De afgelopen jaren zijn de nodige successen geboekt op het gebied van het afvalstoffenbeleid. Zo is de hoeveelheid gestort afval gedaald, is er sprake van minder verpakkingsafval in 1993 t.o.v. 1992 en is de hoeveelheid hergebruikt afval gestegen. De constatering van de OESO dat de hoeveelheid afval per hoofd van de bevolking, in vergelijking met andere Europese lidstaten, hoog is, duidt op de noodzaak dit beleid, zoals dat o.a. in het NMP2 is neergelegd, met kracht door te zetten. Centraal daarbij staat het realiseren van structurele afvalpreventie en een verdere invulling van de producentenverantwoordelijkheid.

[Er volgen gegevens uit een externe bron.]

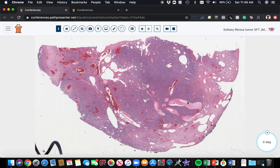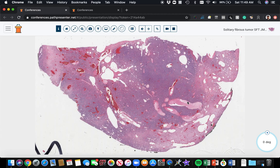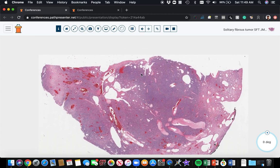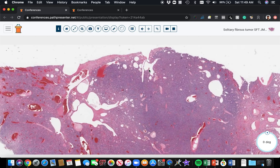So this is a very nice example of a solitary fibrous tumor. In the olden days, these were called hemangiopericytomas, and we still use the term sometimes hemangiopericytic vessels for this very unique vascular pattern that we see, but I will point out it is just a vascular pattern.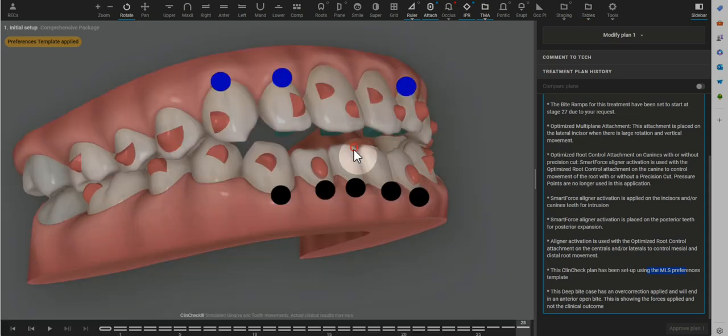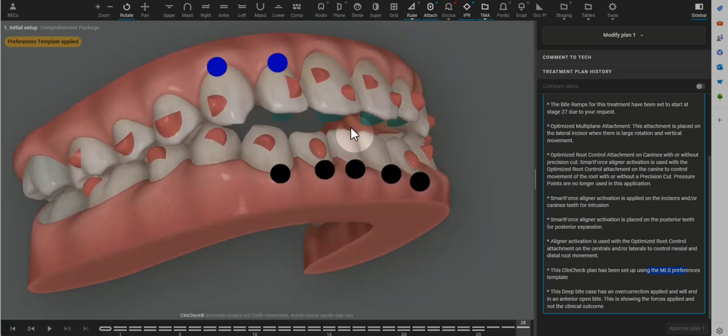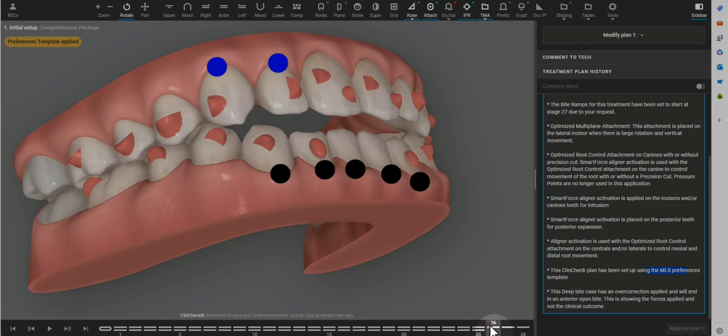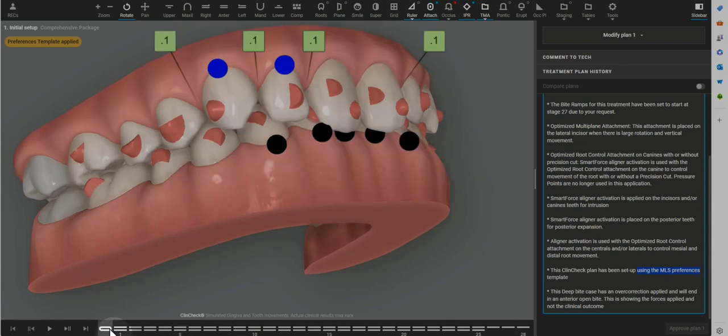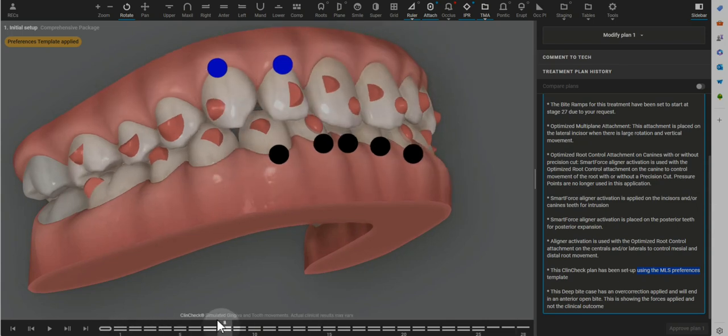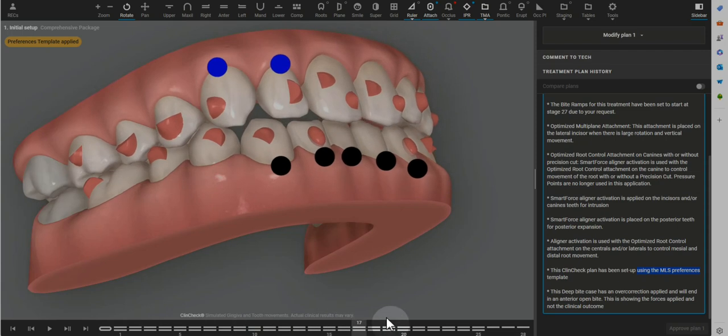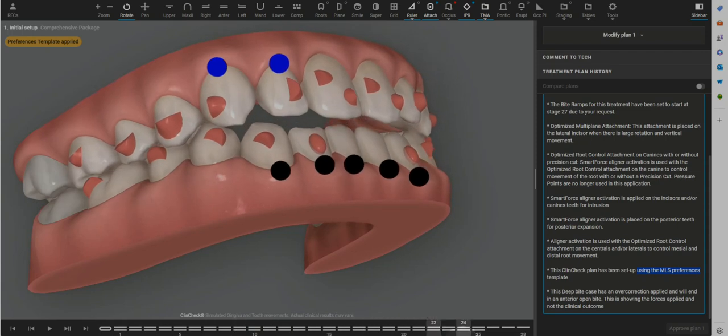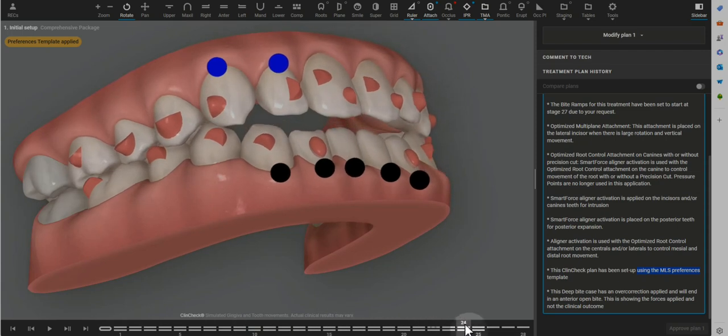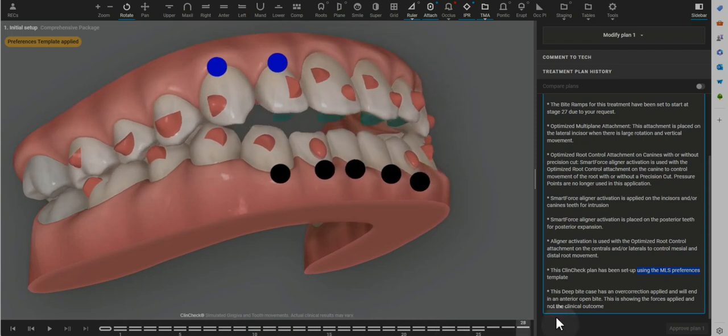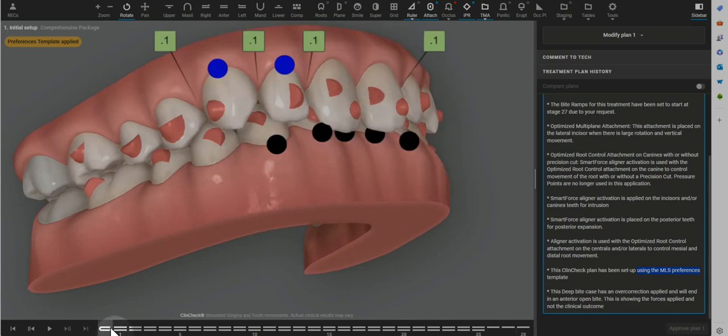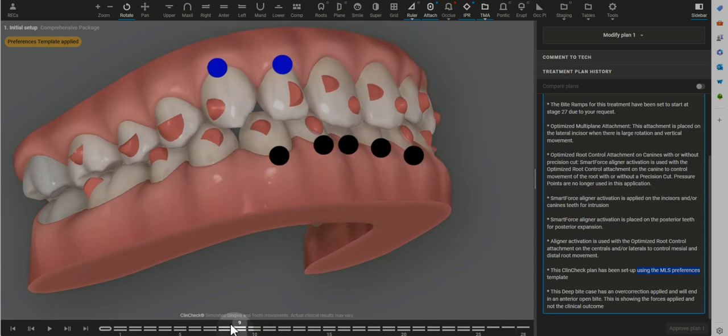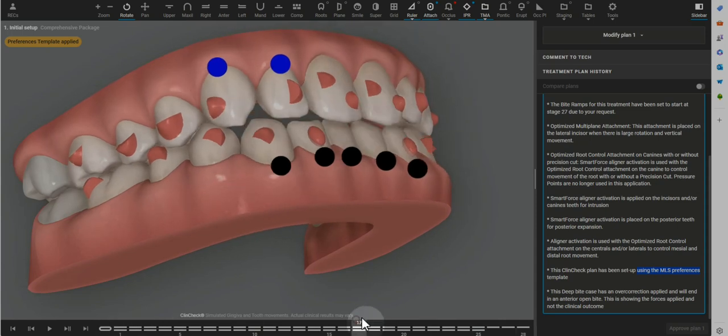Other big change that I would make would be to not delay the bite ramps. The MLS template preferences, I believe, prefer the bite ramps to be at the end of the case with the premise that bite ramps are a negative patient experience. Myself, over ten years using bite ramps, as well as so many people in the AACA community find that patients actually really like bite ramps.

Een vooruitstrevend milieubeleid impliceert, tenslotte, dat Nederland internationaal in de voorhoede opereert. Gezien de internationale dimensie van het Nederlandse milieubeleid richt de regering zich internationaal op de verdere operationalisering van duurzame ontwikkeling en op de integratie, ook in EG-verband, van het milieubeleid met andere beleidsterreinen. Nederland zal zich blijven inzetten voor het debat rondom de vormgeving van duurzame consumptie. Een ander belangrijk aandachtsveld vormt het met behulp van een actieve milieudiplomatie tot stand brengen van overeenkomsten waarin milieudoelstellingen, uitvoeringsplannen en indien dat nodig is, financieringsmechanismen worden opgenomen. Bij de herbezinning van het Nederlandse buitenlandse beleid, die medio dit jaar zijn beslag zal krijgen is ook het internationale milieubeleid is betrokken.

De Minister van Volkshuisvesting, Ruimtelijke Ordening en Milieubeheer,

M. de Boer


XNoot
1

Ter inzage gelegd bij de afdeling Parlementaire Documentatie.